There’s no denying it, motivation is the key to making that initial jump. The emotion that propels us to dive head first into our goals. The driving force behind the first morning workout because you know it is time to work on your cardiovascular health. However, motivation, like any emotion, can be fleeting. By definition motivation is “a person’s desire or willingness to do something”, which as we all know, sometimes escapes us when we hear our 6:00 am “gym time” alarm going off. So what do we do? Where do we turn when we are running low on motivation fuel and we aren’t sure how to keep things going?

Worry not and call on habit, or rather, self-discipline. Defined as “One’s capacity to control his or her feelings and inclinations in pursuit of what aligns with their values.” Self-discipline, depends on grit and not emotion to do what needs to be done. Causing you to focus on committing to your values even when the motivation is gone, when it seems easier to give up.
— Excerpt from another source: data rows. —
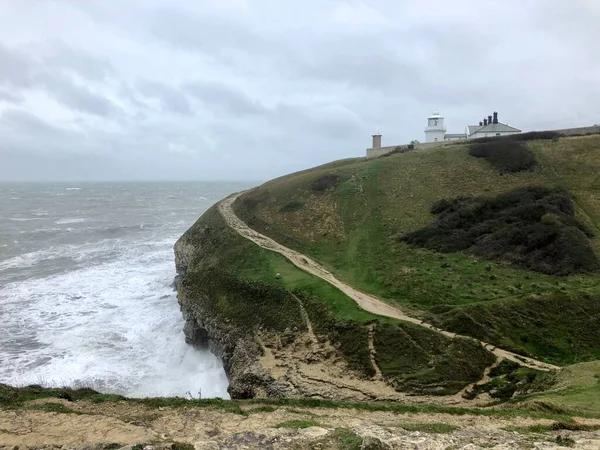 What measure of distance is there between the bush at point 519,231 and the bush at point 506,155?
6.39m

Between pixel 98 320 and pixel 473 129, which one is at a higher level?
pixel 473 129

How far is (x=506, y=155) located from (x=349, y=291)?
99.6 ft

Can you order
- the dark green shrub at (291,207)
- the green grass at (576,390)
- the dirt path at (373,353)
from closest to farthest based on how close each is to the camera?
1. the green grass at (576,390)
2. the dirt path at (373,353)
3. the dark green shrub at (291,207)

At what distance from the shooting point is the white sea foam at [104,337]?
2491 cm

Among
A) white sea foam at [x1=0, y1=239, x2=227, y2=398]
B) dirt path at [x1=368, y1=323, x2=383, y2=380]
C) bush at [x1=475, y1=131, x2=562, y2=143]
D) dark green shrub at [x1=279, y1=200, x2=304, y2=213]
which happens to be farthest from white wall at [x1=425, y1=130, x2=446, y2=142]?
dirt path at [x1=368, y1=323, x2=383, y2=380]

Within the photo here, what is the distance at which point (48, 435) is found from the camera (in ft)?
43.1

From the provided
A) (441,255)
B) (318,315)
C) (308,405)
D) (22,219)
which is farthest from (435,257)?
(22,219)

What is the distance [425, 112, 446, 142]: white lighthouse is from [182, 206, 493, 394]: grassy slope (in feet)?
156

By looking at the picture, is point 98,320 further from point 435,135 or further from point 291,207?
point 435,135

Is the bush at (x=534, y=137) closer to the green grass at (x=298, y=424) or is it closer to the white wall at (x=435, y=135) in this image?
the white wall at (x=435, y=135)

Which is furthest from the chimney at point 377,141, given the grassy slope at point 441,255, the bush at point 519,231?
the bush at point 519,231

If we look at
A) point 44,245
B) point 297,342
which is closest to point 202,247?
point 297,342

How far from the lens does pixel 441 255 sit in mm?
32438

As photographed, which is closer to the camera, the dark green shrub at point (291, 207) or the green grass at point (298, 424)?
the green grass at point (298, 424) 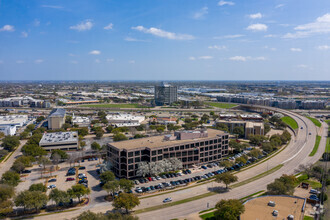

Researchers have found that it takes about 66 days before a new behavior becomes a habit. 66 days before it becomes second nature to go for that evening walk after dinner. Consider this, every day you are working towards that goal, every day it feels impossible, you are actually a day closer to having it feel second nature.  

So what now? How do you harness your self-discipline? It’s been proven that a few minutes of mindful meditation can increase your willpower by building up the “grey matter” in your brain. “The increase in gray matter happens in regions of the brain associated with decision-making and emotion regulation.” Getting a good night’s rest (7 hours or more) and rewarding yourself with acts of self-care when you are keeping your promises to yourself are also recommended. For instance, booking a spa day or going out to a movie with your spouse after making it to your weekly Medi-Weightloss® appointments and hitting the gym. Focus on consciously making choices that align with your goal. Remember, it isn’t the quote you have on your t-shirt that is going to go the extra mile, it’s every foot you put in front of the other.